MustAppendEncode returns the value of AppendEncode, panicking on error. This is a shortcut for when your encode function cannot error.

(*Serde[T]) MustEncode

func (s *Serde[T]) MustEncode(v T) []byte

MustEncode returns the value of Encode, panicking on error. This is a shortcut for when your encode function cannot error.

(*Serde[T]) Register

func (s *Serde[T]) Register(id int, opts ...SerdeOpt[T])

Register registers a schema ID and the value it corresponds to, as well as the encoding or decoding functions. Register functions depending on whether you are only encoding, only decoding, or both.

(*Serde[T]) SetDefaults

func (s *Serde[T]) SetDefaults(opts ...SerdeOpt[T])

SetDefaults sets default options to apply to every registered type. These options are always applied first, so you can override them as necessary when registering.

This can be useful if you always want to use the same encoding or decoding functions.

SerdeOpt

type SerdeOpt[T any] interface {
	// contains filtered or unexported methods
}

SerdeOpt is an option to configure a Serde.

AppendEncodeFn

func AppendEncodeFn[T any](fn func([]byte, T) ([]byte, error)) SerdeOpt[T]

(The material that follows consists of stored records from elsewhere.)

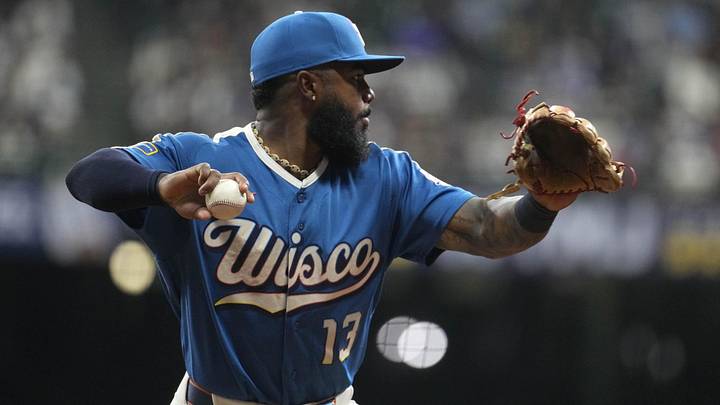 May 22, 2026; Milwaukee, Wisconsin, USA; Milwaukee Brewers third baseman Luis Rengifo (13) fields and throws the ball to first base against the Los Angeles Dodgers in the seventh inning at American Family Field. Mandatory Credit: Michael McLoone-Imagn Images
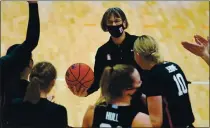  ?? STANFORD ATHLETICS ?? Stanford coach Tara VanDerveer, holding the game ball presented to her after her record-breaking victory, is celebrated by her players. in Stockton on Tuesday.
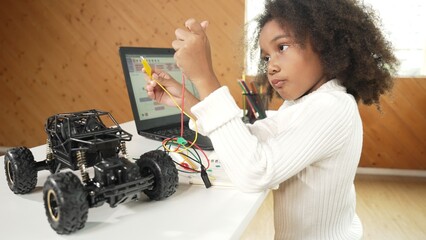 Smart african girl build robotic car while using wires while using laptop setting or writing prompt code. Skilled female student working on computer in STEM technology online classroom. Erudition.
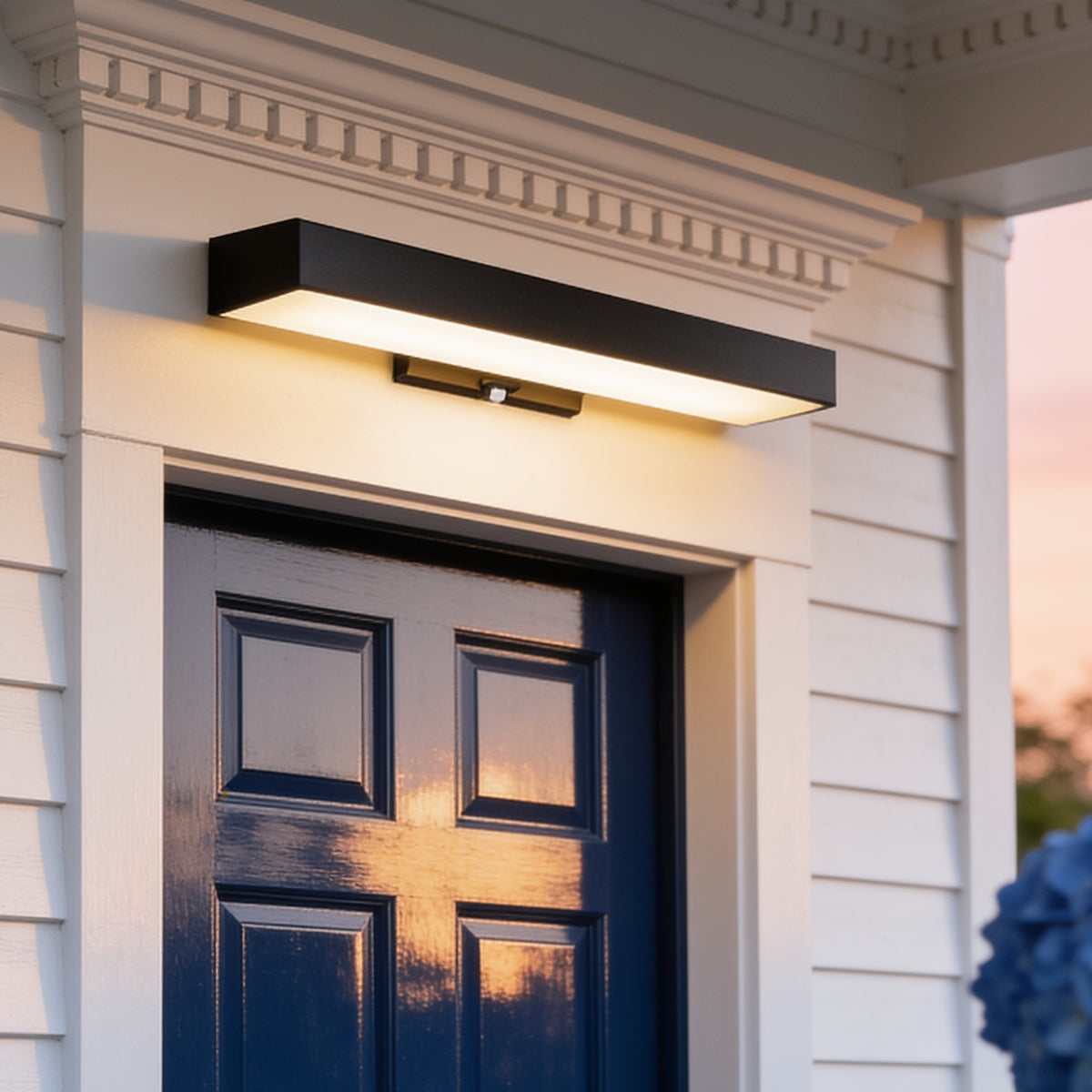 Rectangular Wall Light above a navy front door on a white clapboard porch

AppendEncodeFn allows Serde to encode a value to an existing slice. This can be more efficient than EncodeFn; this function is used if it exists.

DecodeFn

func DecodeFn[T any](fn func([]byte, T) error) SerdeOpt[T]

DecodeFn allows Serde to decode into a value.

EncodeFn

func EncodeFn[T any](fn func(T) ([]byte, error)) SerdeOpt[T]

EncodeFn allows Serde to encode a value.

SubjectSchema

type SubjectSchema struct {
	Schema

	Subject string
	Version int
	ID      int
}

SchemaSubject is a schema along with the subject, version, and ID of the schema.